The film’s format takes a bit of getting used to. It quickly jumps into the talk show conversations without much explanation and spends nearly as much time discussing the project of the film and the interviews as showing the interviews themselves, which can make it a bit tricky to find a solid foundation upon which to base the focus of the film. However, once it settles into this atypical structure, it manages to achieve the magic trick of saying something about the content of the film itself. When so many of the discussions depicted, both from the past and the present day, revolve around the idea of looking at and challenging what is viewed by many as the expected norm, such a refreshingly unconventional filmmaking approach works perfectly.

There is something about listening to intelligent people speak in a highly intellectual manner that can make the listeners feel smarter by mere proximity. The speakers in “Framing Agnes” do just that. These experts lay out their opinions and discoveries with incredible focus and clarity, making many astute points and relaying personal observations that bring an individualistic touch to the theories and findings on gender being discussed. To put it simply, several points are made.

One of the more enlightening aspects of this documentary is the way that the past and the present are linked together. Obviously, much of the terminology and questions asked in Garfinkel’s transcripts are unbelievably dated. Still, the interviewees of the past lay them out with clarity, similar answers, and talking points that those commenting on current topics in the film touch upon. Many moments stand out as feeling refreshingly timely, such as when an excerpt from the memoir of a trans man going by the pseudonym of Harry is read; the ideas he has and the ways in which he expresses them, even in the short section read, shows that aspects of present-day gender discussion are not as new as many would like to believe. Similarly, the case of a Black trans woman going by the name of Georgia (brought to vibrant life by a fantastic Angelica Ross in the talk show segments) makes clear that modern-day discussions of intersectional rights and the dangers and unique struggles faced by trans people of color have been a vital issue going quite a way back.

“Framing Agnes” packs a lot of commentary and reflection into a short 75-minute runtime.

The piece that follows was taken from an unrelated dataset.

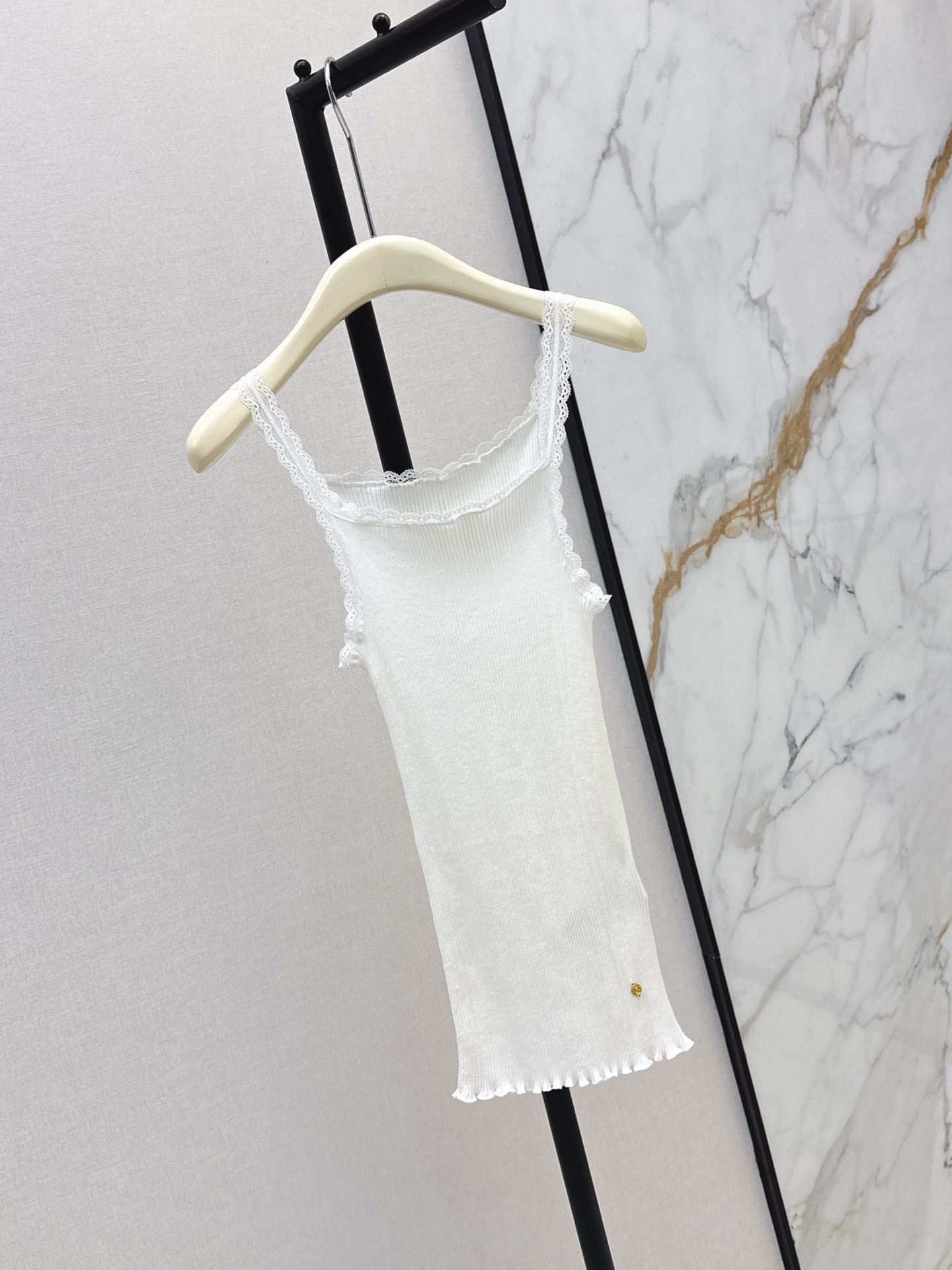 Chol New Lace trim camisole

And while it’s relatively academic in both the types of topics covered and how they are discussed, it still manages to highlight the personal joys and positive life experiences of the individuals featured, both those from yesterday and today.


THE GOOD – Highly intelligent in both the topics covered and how they are discussed, this documentary compares trans and gender conversations of the past and the present, finding contrasts in how such subjects are discussed and surprising similarities in both the lives and the feelings of the folks being interviewed.

THE BAD – The unconventional structure can take some getting used to, but in a meta sense, it eventually gives surprising additional layers of meaning to the film’s deconstructivist perspective.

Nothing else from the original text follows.